Furthermore he not only had a place in the heart of God, but he was held by the hand of God, for he can say, "Thou hast holden me by my right hand." I wandered, I behaved like a brute, I let go of His hand, but never did He let go of mine. I well nigh slipped, yea, verily, I should altogether have slipped, but He held me by my right hand. His heart of love set me as an object before Him, and His hand of power held me fast.
Learning thus with great delight all that God had been for him in the past, in the day when his feet had well nigh slipped he can look on with the utmost confidence to all that God will be for him in the future. He can say in every step of the pilgrim journey, "Thou shalt guide me with Thy counsel." No need for me to weary my heart in seeking to unravel all the perplexing questions of my pathway through this evil world, for God Himself will guide me; and at last, when the end of the journey is reached, when man's small day is done, and the day of glory dawns, "Thou wilt receive me" (verse 24)
Happy indeed for the saint who has so learned God in the secret of the sanctuary that he can say, His heart cares for me, His hand holds me, His wisdom guides me, and His glory will welcome me.

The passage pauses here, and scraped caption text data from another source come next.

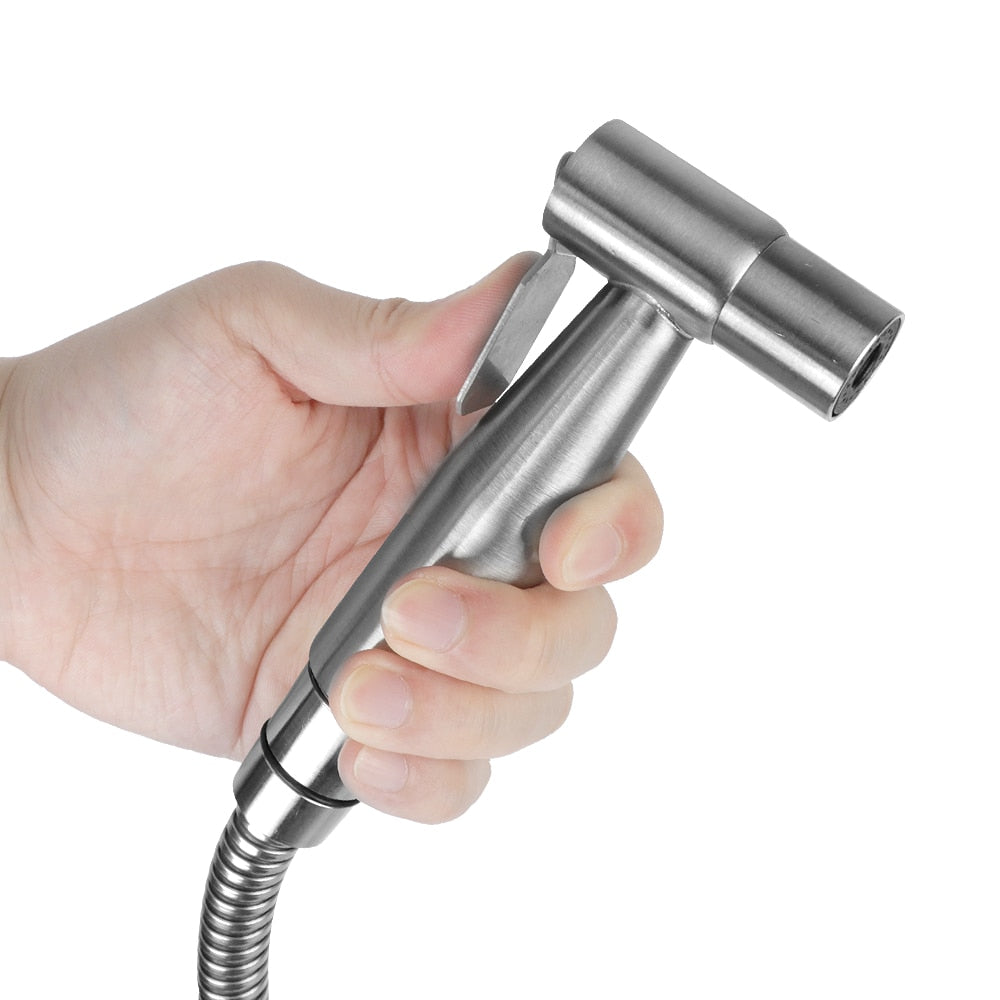 Karnz | Djup rengöring Hand-Bidet-Armatur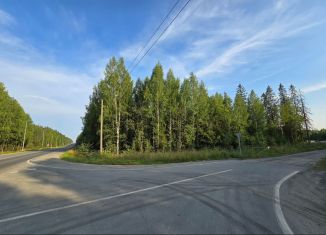 Продается участок, 15 сот., Карелия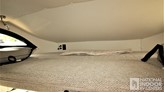 bottom-slider-img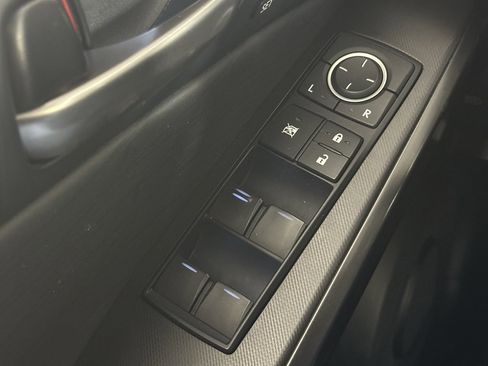 Used 2022 Lexus IS 350 F Sport w/ Memory Package image 38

He who knows God thus has found in God the satisfying portion of his soul. Not only is he an object to God, but now God becomes the one Object to him. He can say, "Whom have I in heaven but Thee? and there is none upon earth that I desire beside Thee." But what about the prosperity of the wicked, their riches and their ease which once he had envied? "Oh," the Psalmist would say, "speak no more of those things, I have been into the sanctuary, I have learned the heart of God and there is none upon earth that I desire beside Him." As we sometimes sing: —
"I have seen the face of Jesus
Tell me not of aught beside."
But we may say, "You are evidently a poor weak thing in the midst of a world where all is against you." "I know it," the Psalmist seems to reply,"for I have learnt by bitter experience that my flesh and my heart fails, for time was when my feet had well nigh slipped, but I have been into the sanctuary and I have found a resting-place for my poor trembling heart" — "God is the rock of my heart and my portion for ever" (verse 26, margin). The heart that was once envious of the wicked has found its satisfying portion in the heart of God. The feet that were almost gone are firmly set upon the rock.
Truly God is good to His people (verse 1); and it is good to draw near to God (verse 28); and the one who draws near to God becomes a witness before men. "I have put my trust in the Lord God, that I may declare all thy works."